Tournament at Camelot Review - Tabletop Gaming

Tournament at Camelot Review - Tabletop Gaming

Summary

  • Game Type – Trick taking card game
  • Number of Players – 3 – 6 (with a two player variant)
  • Mechanics – Trick taking, variable player powers
  • Difficulty – Easy
  • Release – May 2017
  • MSRP - $24.99

Introduction/Overview

I've never really loved traditional card games. Most of them are fine, but with so many other great card games out there I've never been that enthused about playing them. With that in mind I wasn't super stoked about Tournament at Camelot. Sure, it looked great, but with my lukewarm feelings on this style of game I didn't expect much. Thankfully, I was pleasantly surprised to find a nuanced, addictive game that all my friends loved as much as I did!

Gameplay

In Tournament at Camelot, players are all various figures from Arthurian legend, fighting to win a grand tournament. The goal of the game is to reduce another player from 400 to zero life while having the highest life yourself. The game ends when a player goes to zero and the player with the highest life at that point in the game wins.

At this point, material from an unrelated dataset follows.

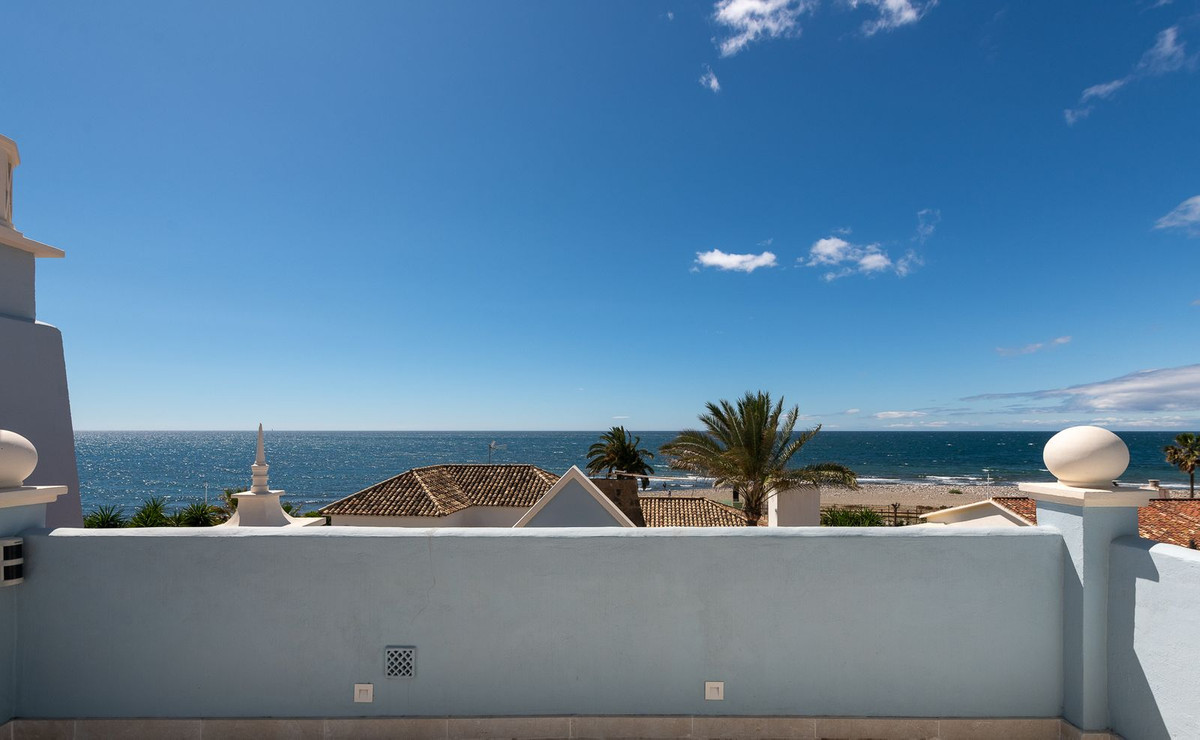 Se vende Villa - Chalet de 6 dormitorios en Costa Del Sol, Málaga, España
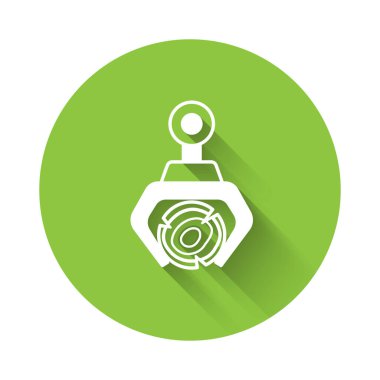 Beyaz Grapple vinç uzun gölge arkaplan izole bir kütük simgesi yakaladı. Orman endüstrisi. Kereste gövdesi ahşap üretimi için endüstriyel vinç. Yeşil daire düğmesi. Vektör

The game is played over several rounds. Each round players get a hand of 12 weapon cards with which they will play 12 melee rounds. Whoever lost the last melee round (or whoever is left of the dealer in round one) starts by leading with a card, after which all the other players have to follow suit or discard a card and lose 5 life points of “shame” damage for not being able to join the melee. Whoever played the lowest card takes all the cards that were played and at the end of the round players lose 10 life for every card with a poison symbol and 5 points for every other card. Then the deck is reshuffled and new hands are dealt out to start the next round. So far this sounds a lot like Hearts but there are a few special rules that really make the game interesting. First, everyone has a protagonist card that gives them a special game changing power. For example, King Arthur can add 3 to any sword card he plays, Tristan gets an extra card once per round that they can swap with a card they played, etc. Each player also has a companion card which gives them another ability but only after they've taken a certain amount of damage. The other special rule are the Godsend cards. After each round, the most wounded players get to draw a card from the Godsend deck that gives them a special ability they can use in the next round. This is a nice catch up mechanic that feels very well balanced.

Rulebook

The game is very easy to learn and the rule book does a great job assisting with that. They give visual and written examples of pretty much everything, which may be overkill for some people, but as a guy who doesn't have much experience with traditional card games it was a nice touch. They also put a few key points in sidebar boxes that stand out from the rest of the page, which was very useful through the first few games.

Theme

You wouldn't think that a game like this would be good at conveying a strong theme but it pulls it off. Just having the suits be weapons and the player powers accurate to the Arthurian characters would be good enough, but this game also goes the extra mile by including a lot of fluff about Arthurian legends. The first page of the rules just give you a brief history of the setting and every protagonist and companion card is filled with text on the back letting you know what their story is. None of this was necessary for the game but it's really a fantastic touch that adds a lot to the game.

Set-Up/Takedown

All that you really need to do is deal out a few cards and shuffle some decks so there's not much too it.

Components

I love the art style here. It's very evocative of medieval England and helps with the immersion into the game. I can see some people not enjoying the style but the art itself is great even if you don't like the style. The cards and tokens are all very sturdy and I really like the look of the tarot size cards, however I do have a small complaint here in that the tarot size makes the cards annoying to shuffle. I love the look of them though so it a small complaint. I also feel the need to mention the box. It might sound weird but I was really impressed with the box itself. I have a lot of small box games and most of them have flimsy boxes made of thin cardboard which makes them light and portable at the cost of durability. The box here is made of nice thick cardboard and feels fantastic to hold.

Final Thoughts

So far I've been really impressed with every Wizkids small box game I've played and Tournament at Camelot is no exception. It plays quick and is easy to teach but still has enough strategy to keep veteran players interested, which is always a tough line to walk. The game looks phenomenal and manages to add a ton of flavor to a type of game that is normally bland as dirt. Everyone I've played this with has loved it and I can see it being a perennial group favorite for a very long time.